The present invention is directed to a non-motorized treadmill that avoids the previously described disadvantages of motorized treadmills, such as cost and weight of the drive motor, as well as the cost of operation, while having the ability to match the speed of the tread to a target tread speed.

BRIEF DESCRIPTION OF THE DRAWINGS

FIG. 1 is a rear perspective view of a treadmill apparatus according to a first embodiment of the present invention.

FIG. 2 is a side view of the treadmill of FIG. 1, with the tread orientation at a low angle of incline.

FIG. 3 is a side view of the treadmill of FIG. 1, with the tread orientation at a high angle of incline.

FIG. 4 is a detail view of the exercise apparatus of FIG. 1, showing the angle adjustment mechanism.

FIG. 5 a is a schematic view of the tread of the exercise apparatus of FIG. 1 with the tread shown at a small incline angle.

FIG. 5 b is an alternate schematic view of FIG. 5a.

FIG. 6 a is a schematic view of the tread of the exercise apparatus of FIG. 1.

FIG. 6 b is an alternate schematic view of FIG. 6a.

FIG. 7 is a rear perspective view of the treadmill of FIG. 1, with various components removed for clarity.

FIG. 8 is a detail view of the treadmill of FIG. 1, with various components removed for clarity.

DETAILED DESCRIPTION OF THE INVENTION

FIG. 1 shows a treadmill 10 of the present invention including a frame 20, a tread 40, and an angle adjustment mechanism 80. The frame 20 includes a front end 21, a pair of side frame members 22a, 22b, and a rear end 23. The treadmill 10 also includes a pair of feet 30, a compartment cover 50, a console 70, and a pair of masts 72 for supporting the console 70.

The frame 20 supports the tread, 40, and the two side frame members 22a, 22b are arranged parallel to one another and are joined by at least one cross member (not shown) to maintain the two side frame members 22a, 22b in position with respect to one another.
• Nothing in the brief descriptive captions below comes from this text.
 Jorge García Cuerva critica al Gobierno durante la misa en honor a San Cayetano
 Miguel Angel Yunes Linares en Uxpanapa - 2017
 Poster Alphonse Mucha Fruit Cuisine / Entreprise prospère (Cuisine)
The frame 20 in the illustrated embodiment includes upright masts 72 supporting the console 70, but the masts 72, when used, are not required to be attached to the frame 20. The frame 20 preferably includes the feet 30 for leveling and/or for supporting the treadmill 10 on the ground, floor or other support surface 35.
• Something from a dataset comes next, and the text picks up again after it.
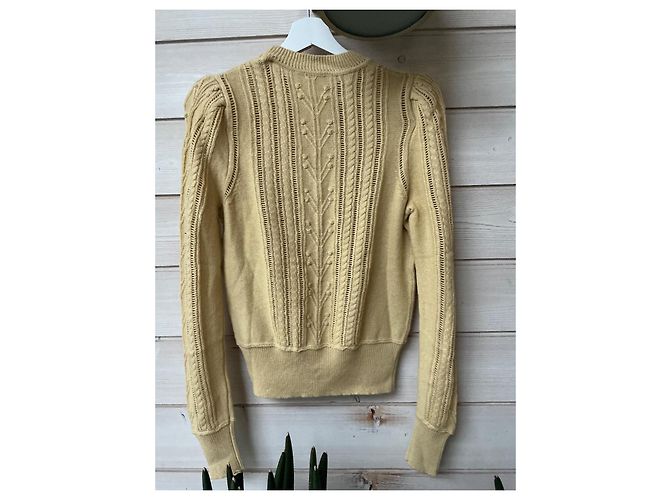 Isabel Marant Etoile Kalyn Strickpullover Baumwolle Gelb - Ansicht 3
The tread 40 is operatively mounted on the frame 20 such that the tread 40 is free to revolve in the longitudinal direction relative to the frame 20. The tread 40 is rotatably mounted on two or more rollers such as a front roller 42 and a rear roller 44 shown in FIGS. 4, 5a, 5b, 6a, 6b and 8. The tread 40 is in the form of an endless loop, with the upper portion of the tread 40 forming a running surface that is located between the front roller 42 and the rear roller 44. The tread 40 includes a number of slats 42 arranged transversely to the frame 20 and transversely to the direction of tread movement. The slats 42 are preferably positioned substantially parallel to one another, with each slat 42 supported at or near its two ends by the side frame members 22a, 22b or some other portion of the frame 20. Though the frame 20 supports the slats 42, the slats are configured to be movable along the frame 20. The slats 42 are substantially stiff and are able to support a load of an operator on the tread 40 without any other supporting structure. Other tread designs such as an endless belt can be used, though an endless belt may require an underlying deck or some other supporting surface to support the load of an operator. The tread 40 is a “non-motorized tread,” and no motor is used to drive the tread 40. Only a motive force applied by the operator when walking or running, or some other externally applied force, can start the tread 40 moving.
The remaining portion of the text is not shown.